By Robert Brodsky
The food fight about Recovery Act job creation has kicked back into high gear.
On Tuesday, the White House Council of Economic Advisers released a new report which found that the stimulus has added 1.5 to 2 million new jobs to the economy. Those jobs include indirect and induced spending from stimulus funds. In October, direct recipients of Recovery Act contracts, grants and loans reported that they had saved or created more than 600,000 direct jobs.
The Council's report also estimates that the growth rate of the economy would have been two percent lower if not for the $787 billion Recovery Act.
Republican critics, however, dismissed the numbers as propaganda. "What's the American public going to believe?" asked Rep. Darrell Issa, R-Calif., ranking member of the House Oversight and Government Reform Committee. "Self-serving and deceptive numbers being put out by the White House on the stimulus, or the numbers that say we're at 10 percent unemployment when the Obama administration promised the stimulus would keep it below eight percent."
Meanwhile, a new report by Onvia, a market research firm that tracks stimulus contracting, argues that the biggest impact of the Recovery Act is still to come.
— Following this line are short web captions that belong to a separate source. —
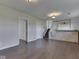 Basement featuring vinyl flooring, stairs, and bar at 212 Westridge Blvd, Greenwood, IN 46142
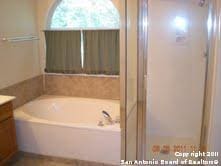 bathroom with independent shower and bath and vanity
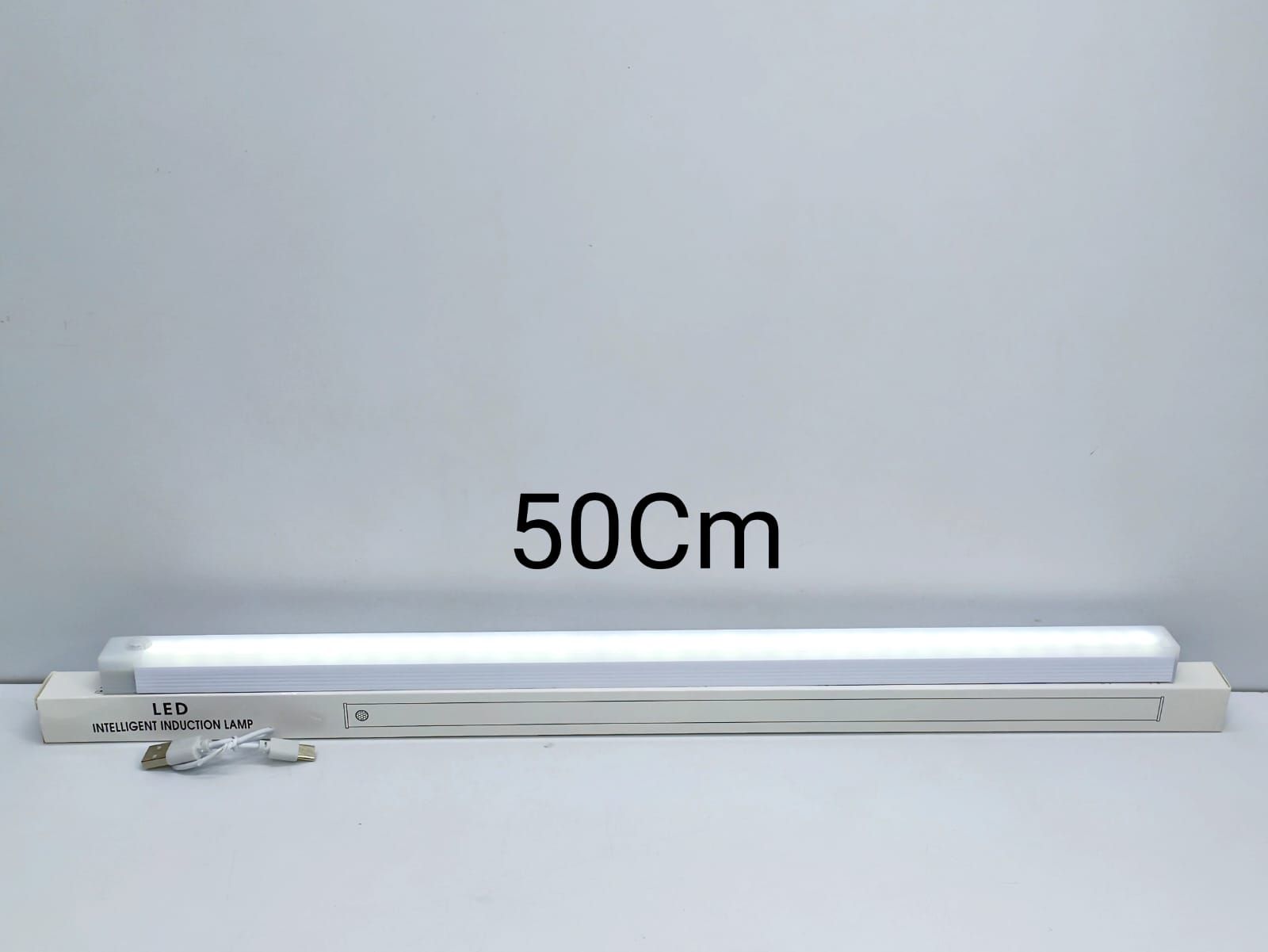 Luz LED recargable con sensor de movimiento de 50 cm encendida, sobre su caja, con el cable USB-C
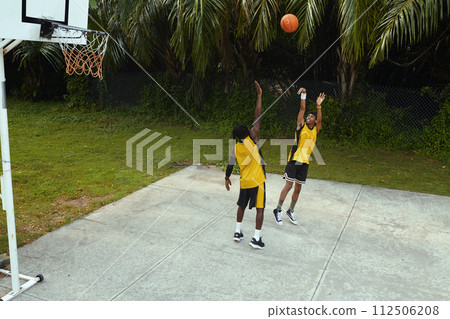 Black men in sportswear playing streetball Black men in sportswear playing streetball 112506208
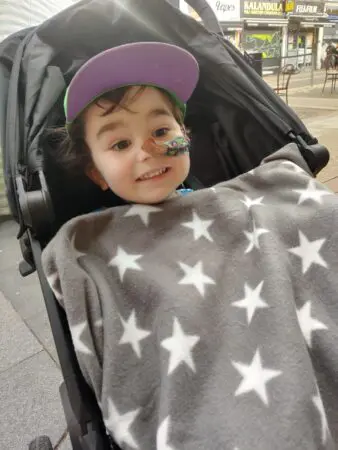 Teddy sitting in a pushchair wearing a cap under a star patterned blanket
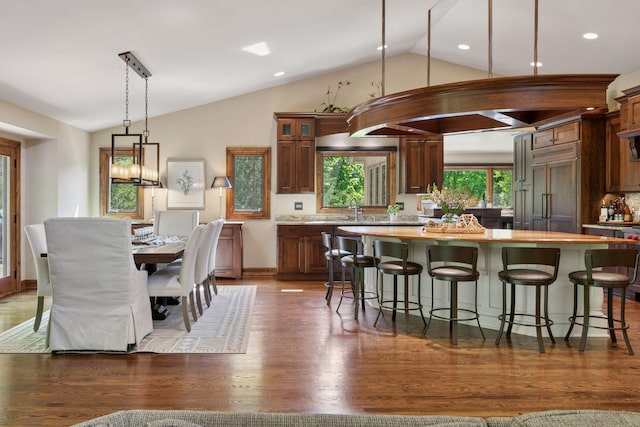 1405 Farm Rd, Chanhassen, MN 55318 - kitchen with lofted ceiling, a kitchen island, light countertops, a breakfast bar, and glass insert cabinets
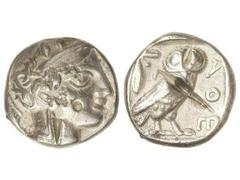 Tetradracma. 480-407 a.C. ATENAS. Anv.: Cabeza de Atenea a derecha con casco. Rev.: Lechuza en pie a derecha, detrás creciente y rama de olivo. 17,11 grs. AR. Marcas y golpes de cizalla en anverso y r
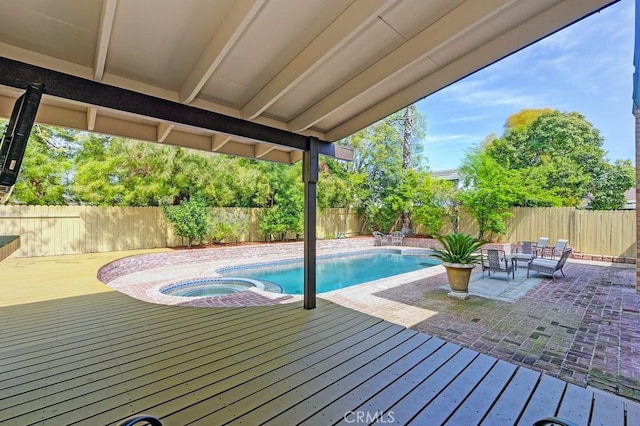 view of swimming pool with a deck, a patio area, an in ground hot tub, and a fenced backyard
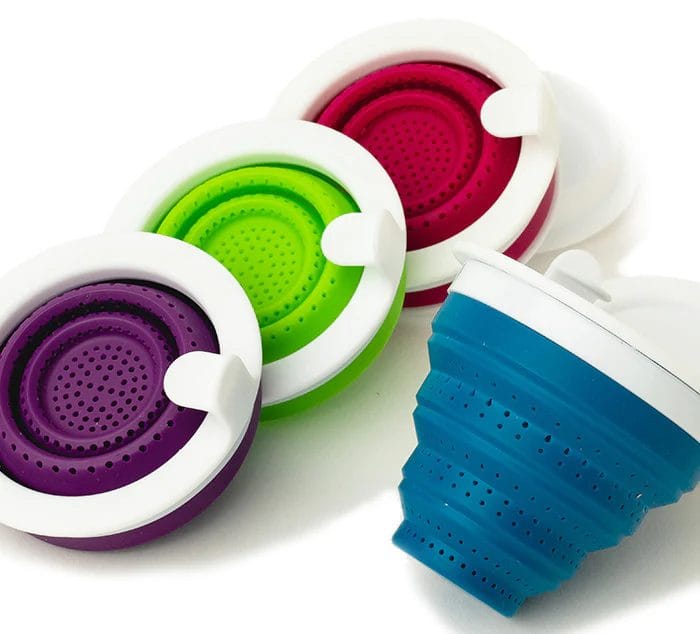 A set of four collapsible silicone tea infusers in purple, green, pink, and blue. Each infuser has a white rim and small perforations for steeping loose-leaf tea, designed for easy use and storage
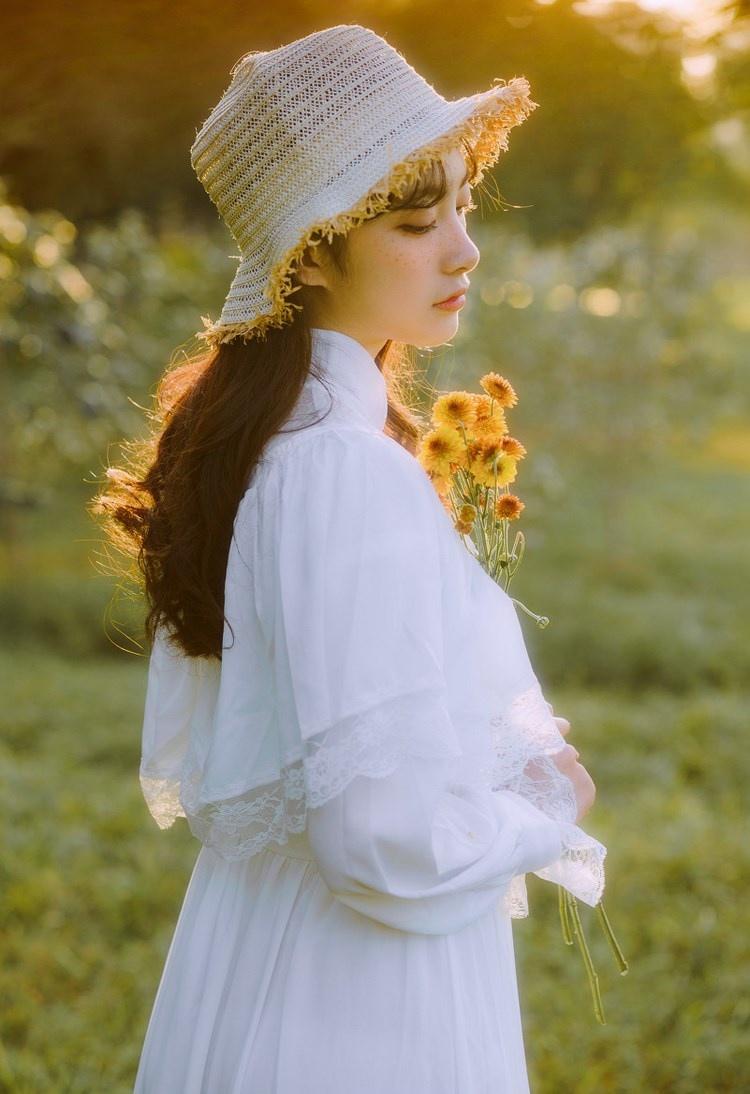 文藝美女潔白長裙濃密卷發手捧鮮花叢林寫真圖片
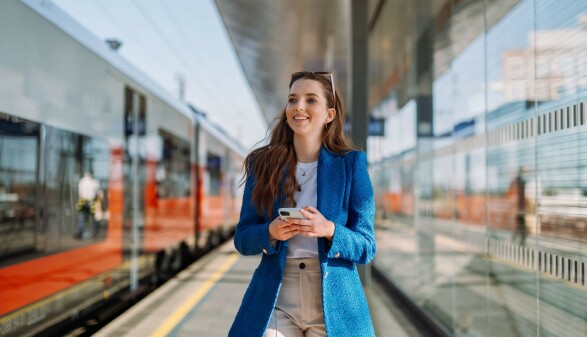 Junge Frau mit Smartphone am Bahnhof auf dem Weg zur Arbeit. Symbolbild f&uuml;r Pendeln und die Nutzung &ouml;ffentlicher Verkehrsmittel.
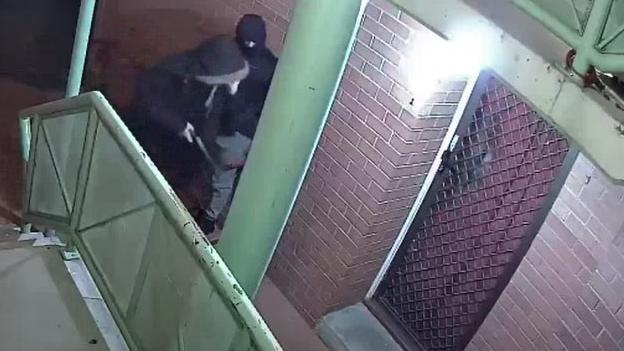 Would-be home invaders outside the Canberra unit of Glenn Walewicz, who was shot dead in a robbery attempt gone wrong. Picture: Supplied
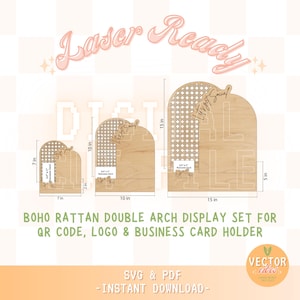May include: A set of three laser-ready, wooden Boho rattan double arch display stands. The largest is 15 inches tall, the medium is 10 inches, and the smallest is 7 inches. Each has a rattan-style upper section and a base for QR codes, logos, and business cards.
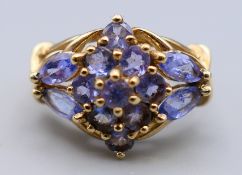 A 9 ct gold and tanzanite ring. Ring size O. 4.2 grammes total weight.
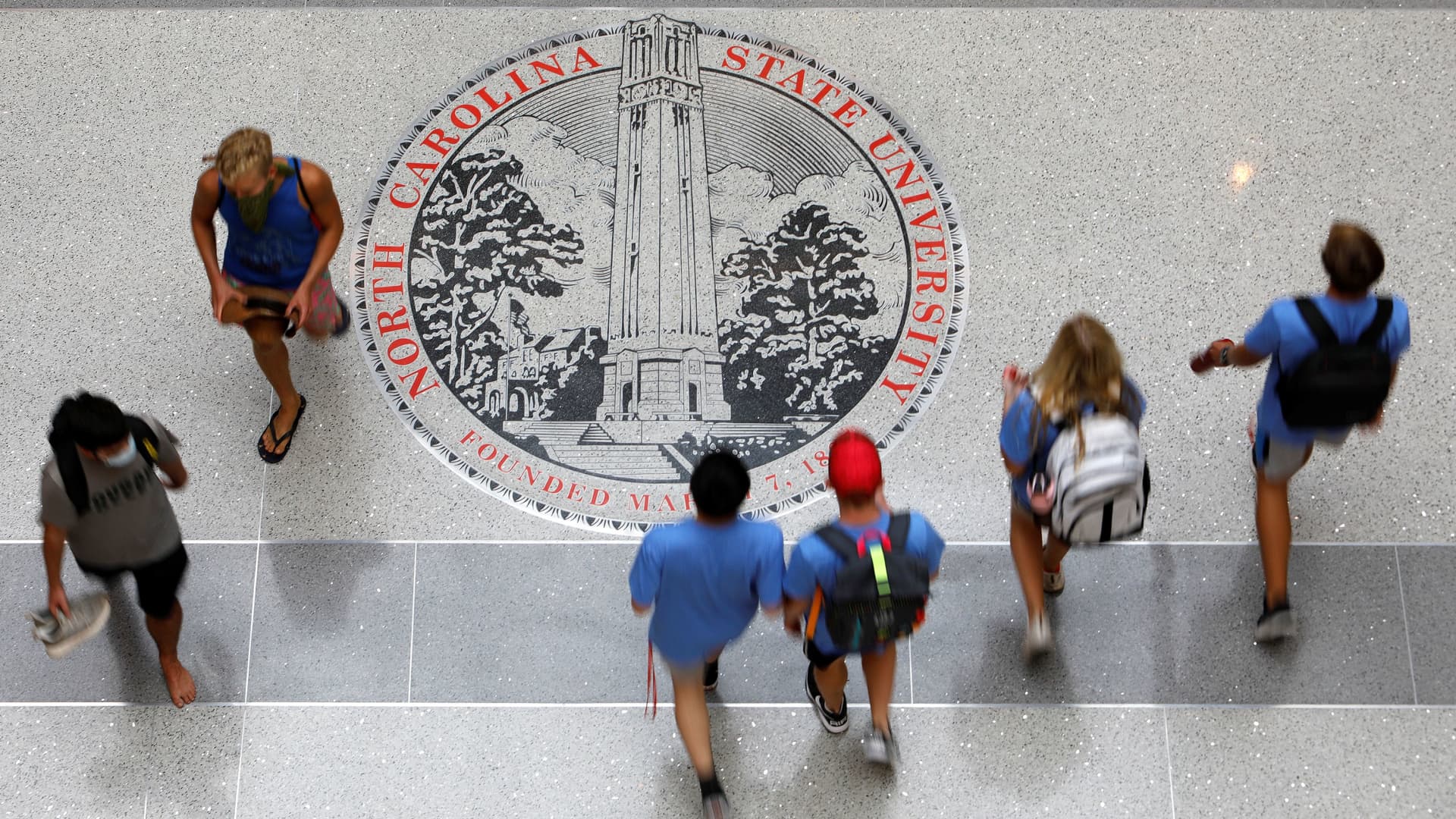 Students traverse the Talley Student Union at the campus of North Carolina State University in Raleigh, North Carolina, U.S. August 7, 2020.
Onvia projects that only 25 percent of the $275 billion in stimulus contracts, grants and loans had been paid out by the federal government by the end of 2009. The firm expects a surge in infrastructure, energy and technology spending in 2010 that could lead to 1.1 million direct and indirect jobs from stimulus contract spending alone.
"Onvia's research reveals the true impact of the stimulus is about to be realized," said company CEO Mike Pickett.